We (only) have endless words to play with when describing what happens in a work of art, and “spiritual” is one of them. Many artists have used the term to define their view of art, whilst many more have not. I think we have to take into account that words change their meaning over time, and can bring with them all kinds of connotations. At the same time we are constantly trying to convey ideas and concepts through words, some of which we find almost impossible: hence the need for “ineffable”, “invisible”, “transcendence”. Metaphysics is just this need, and it is a natural one. I think Ken is stating the case for a kind of ‘spirituality’ that is in some way immanent, as opposed to the “supernatural”, which is a term rooted in binary opposition. I would support this view, and whilst – like Abts, but perhaps for different reasons – being reticent to use the word ‘spirituality’ in relation to art, I would argue that it is relevant, and also that art has to do with ‘transcendence’, where that word too takes on a slightly different meaning than the one we are used to.
8 March at 15:46 • Unlike • 1
• Ken Neil: Totally excellent Brian.
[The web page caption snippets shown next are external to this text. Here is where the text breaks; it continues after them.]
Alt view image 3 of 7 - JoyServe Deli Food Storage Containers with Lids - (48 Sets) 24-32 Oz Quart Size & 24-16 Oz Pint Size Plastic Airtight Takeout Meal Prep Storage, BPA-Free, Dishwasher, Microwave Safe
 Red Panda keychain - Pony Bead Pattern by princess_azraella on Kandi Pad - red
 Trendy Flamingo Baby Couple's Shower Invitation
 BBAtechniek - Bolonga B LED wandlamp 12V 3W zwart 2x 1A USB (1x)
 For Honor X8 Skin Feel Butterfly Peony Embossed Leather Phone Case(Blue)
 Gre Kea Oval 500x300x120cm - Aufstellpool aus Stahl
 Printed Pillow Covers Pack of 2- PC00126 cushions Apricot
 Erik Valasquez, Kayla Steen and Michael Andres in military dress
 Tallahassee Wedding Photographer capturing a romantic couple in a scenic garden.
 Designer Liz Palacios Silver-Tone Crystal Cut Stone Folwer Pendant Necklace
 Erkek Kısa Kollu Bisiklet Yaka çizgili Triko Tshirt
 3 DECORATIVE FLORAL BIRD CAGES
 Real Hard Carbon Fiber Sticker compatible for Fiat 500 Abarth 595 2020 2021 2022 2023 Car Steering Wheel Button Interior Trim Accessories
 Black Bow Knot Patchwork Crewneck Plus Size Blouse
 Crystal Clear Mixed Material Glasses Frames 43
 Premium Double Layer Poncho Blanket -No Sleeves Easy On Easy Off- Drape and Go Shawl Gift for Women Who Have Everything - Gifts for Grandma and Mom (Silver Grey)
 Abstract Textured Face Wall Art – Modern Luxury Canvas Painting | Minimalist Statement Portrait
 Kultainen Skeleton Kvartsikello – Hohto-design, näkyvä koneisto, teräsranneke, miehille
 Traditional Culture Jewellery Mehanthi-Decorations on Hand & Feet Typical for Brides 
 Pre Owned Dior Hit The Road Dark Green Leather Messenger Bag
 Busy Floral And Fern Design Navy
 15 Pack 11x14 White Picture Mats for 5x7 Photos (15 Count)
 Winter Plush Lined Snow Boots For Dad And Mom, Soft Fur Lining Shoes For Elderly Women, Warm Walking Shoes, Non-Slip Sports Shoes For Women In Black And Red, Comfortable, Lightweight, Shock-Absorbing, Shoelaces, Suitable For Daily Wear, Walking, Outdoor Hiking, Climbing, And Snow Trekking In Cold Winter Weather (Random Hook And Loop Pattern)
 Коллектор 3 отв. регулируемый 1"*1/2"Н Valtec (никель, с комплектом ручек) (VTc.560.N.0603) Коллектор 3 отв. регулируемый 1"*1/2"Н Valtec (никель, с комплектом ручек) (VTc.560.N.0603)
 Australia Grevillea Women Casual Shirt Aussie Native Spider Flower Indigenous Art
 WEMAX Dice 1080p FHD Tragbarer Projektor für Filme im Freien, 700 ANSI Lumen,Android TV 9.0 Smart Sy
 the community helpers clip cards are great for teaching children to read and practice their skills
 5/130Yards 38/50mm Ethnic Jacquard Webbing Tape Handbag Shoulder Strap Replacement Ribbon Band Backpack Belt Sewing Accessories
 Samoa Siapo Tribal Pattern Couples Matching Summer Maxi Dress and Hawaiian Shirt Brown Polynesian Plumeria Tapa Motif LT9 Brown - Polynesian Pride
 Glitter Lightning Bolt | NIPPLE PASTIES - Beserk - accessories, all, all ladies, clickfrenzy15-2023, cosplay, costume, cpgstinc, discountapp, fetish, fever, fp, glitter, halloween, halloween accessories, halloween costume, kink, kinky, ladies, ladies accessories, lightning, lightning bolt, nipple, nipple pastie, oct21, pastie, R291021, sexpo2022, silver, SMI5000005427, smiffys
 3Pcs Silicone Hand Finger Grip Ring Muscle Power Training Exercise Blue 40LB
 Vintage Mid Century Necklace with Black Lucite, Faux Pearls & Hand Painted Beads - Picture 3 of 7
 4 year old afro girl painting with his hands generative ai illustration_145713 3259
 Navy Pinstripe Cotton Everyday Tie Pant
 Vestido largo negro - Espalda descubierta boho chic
Exactly.
8 March at 17:03 • Like
• Ken Neil: In my rush to concur enthusiastically, I should have said, ‘thanks’ for the perceptive comment, Brian. I might have also added there’s a meant-to-be-cheeky (or flirtatious) component in the blogpost, viz: the implication that the spiritual in its usage pre-Abts, if you will, was always already secular – the wafer, the wine, the cup, the cloth, the table, the bread, the dish, the chant…a brilliant, artistic, imaginative concatenation to contend with the unknown of the domain Jim identified. The spiritual (as in the supernatural) is something of an ironic imposition on that artistry – at least according to the flirty, pragmatist, redescriptionist logic of my post. Abts reclaims the spiritual, by my say so, and returns it to us…something like that. Thanks again for your summary.
8 March at 17:28 • Like
• Brian Grassom: Thanks for your appreciation, Ken. I think you are right about the “imposition” of the supernatural upon the “artistry” of the ritual, in that unthinking belief in the religious transubstantiation appears to be directed towards the supernatural as exteriority, rather than invoking what we might call the spiritual as integral. It is interesting to recall that (according to legend) St. Francis could not reach that point in the liturgy of the mass without falling into trance, unable to continue. For him, it would seem, transubstantiation betokened – at least in his imagination – a ‘spiritual’ reality. In much the same way, perhaps, art can awaken our capacity to partake of a “beyond” through its “transubstantiation” of paint, plaster, stone or whatever, and the medium of the imagination.
I like your point about the formal qualities of the abstraction of Abts viv-a-vis Noland. It begs the question of differentiation. The intentions are different, but the results similar. A puzzle indeed. Perhaps transubstantiation is in the eye of the beholder? Or do the works evoke the artist’s intention, somehow, but through our imaginative participation (this is, of course, the old ‘intentional fallacy’ debate, but perhaps with a new twist?).
8 March at 22:56 • Like
• Jim Hamlyn: Isn’t there a confusion here though: since there is clearly no change in substance whatsoever – simply a profound transformation – the only thing or substance that undergoes ‘substantial’ transformation is our own perception, if, and only if, we are so predisposed?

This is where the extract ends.